### [YOUR OBJECTIVE]
Look through the data below. Pick out the lines holding the string "Size".

(Records from a dataset)
*****

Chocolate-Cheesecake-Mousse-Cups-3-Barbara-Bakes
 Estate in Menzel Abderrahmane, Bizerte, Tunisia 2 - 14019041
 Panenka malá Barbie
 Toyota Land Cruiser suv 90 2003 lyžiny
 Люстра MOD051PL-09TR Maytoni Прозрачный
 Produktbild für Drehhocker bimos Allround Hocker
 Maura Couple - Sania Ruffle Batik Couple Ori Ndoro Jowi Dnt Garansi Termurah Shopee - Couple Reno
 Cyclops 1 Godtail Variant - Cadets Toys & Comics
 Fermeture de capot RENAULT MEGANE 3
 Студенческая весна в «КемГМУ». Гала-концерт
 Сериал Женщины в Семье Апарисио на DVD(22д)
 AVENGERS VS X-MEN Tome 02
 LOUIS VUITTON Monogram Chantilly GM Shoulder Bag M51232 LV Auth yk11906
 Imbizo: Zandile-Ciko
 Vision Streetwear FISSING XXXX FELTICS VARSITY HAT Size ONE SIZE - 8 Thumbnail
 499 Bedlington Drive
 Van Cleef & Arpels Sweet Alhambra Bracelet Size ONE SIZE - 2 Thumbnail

*****

### [RESPONSE TO THIS TASK]
 Vision Streetwear FISSING XXXX FELTICS VARSITY HAT Size ONE SIZE - 8 Thumbnail
 Van Cleef & Arpels Sweet Alhambra Bracelet Size ONE SIZE - 2 Thumbnail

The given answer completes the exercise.